Unlike its residential cousin, commercial real estate (CRE) isn’t seeing an early and robust rebound from the initial economic Covid-19 pandemic shock.
Total transactions for the first half of this year were down 22.5% compared to the first half of last year, according to the Northeast Tennessee Association of Realtors (NETAR). Sales of listing on the NETAR Commercial Market Listing Service (CMLS) were down 30.7% from last year’s mid-year total while leases transactions lagged by 16.1%.
CMLS Committee Chair Cassie Petzoldt said there has been an increase in traffic and interest – both on the internet and in-person – but there’s more “checking things out” than actual deal-making so far.
The full impact of the pandemic on the Tri-Cities CRE market is still unknown, but there’s little doubt it will reshape parts of the commercial sector because while the recession is expected to be short, the recovery will be slow. There’s also little doubt that some local CRE sectors won’t behave like the national sectors.

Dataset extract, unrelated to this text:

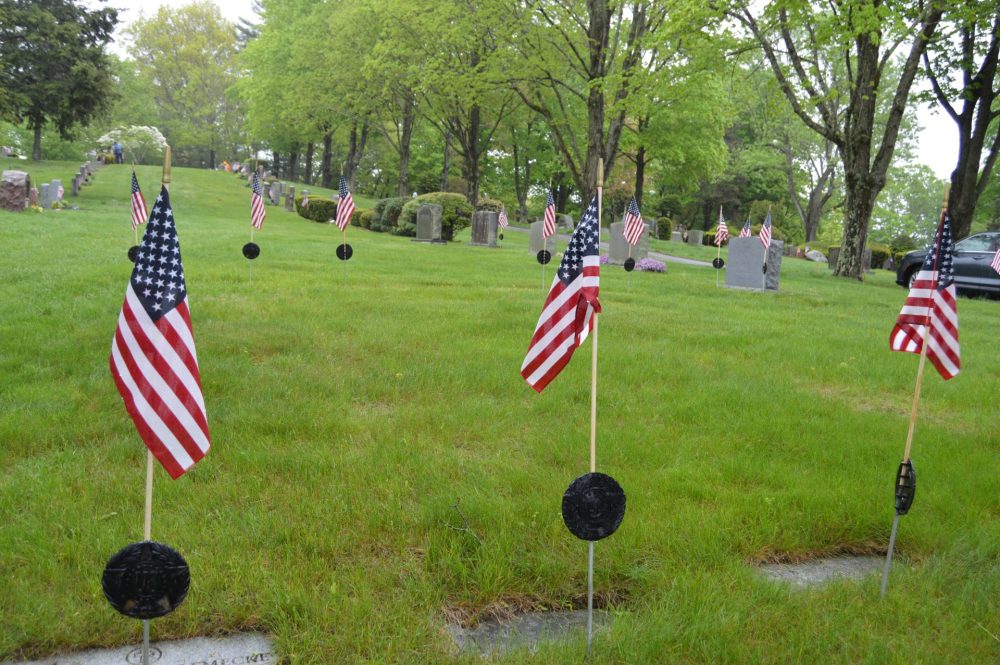 dressing of graves woodlawn cemetery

For example, most analysts predict a tough time for office space thanks to the explosion of the remote and working-from-home trends escalated by the pandemic. The local office space inventory was not exactly healthy before the pandemic. It hasn’t recovered from the coal industry’s decline, the transition of the local economy from a manufacturing to a service industry base, and the merger of local hospital systems. But while there is still an abundance of inventory, office sales and lease transactions were the only sectors outperforming last year.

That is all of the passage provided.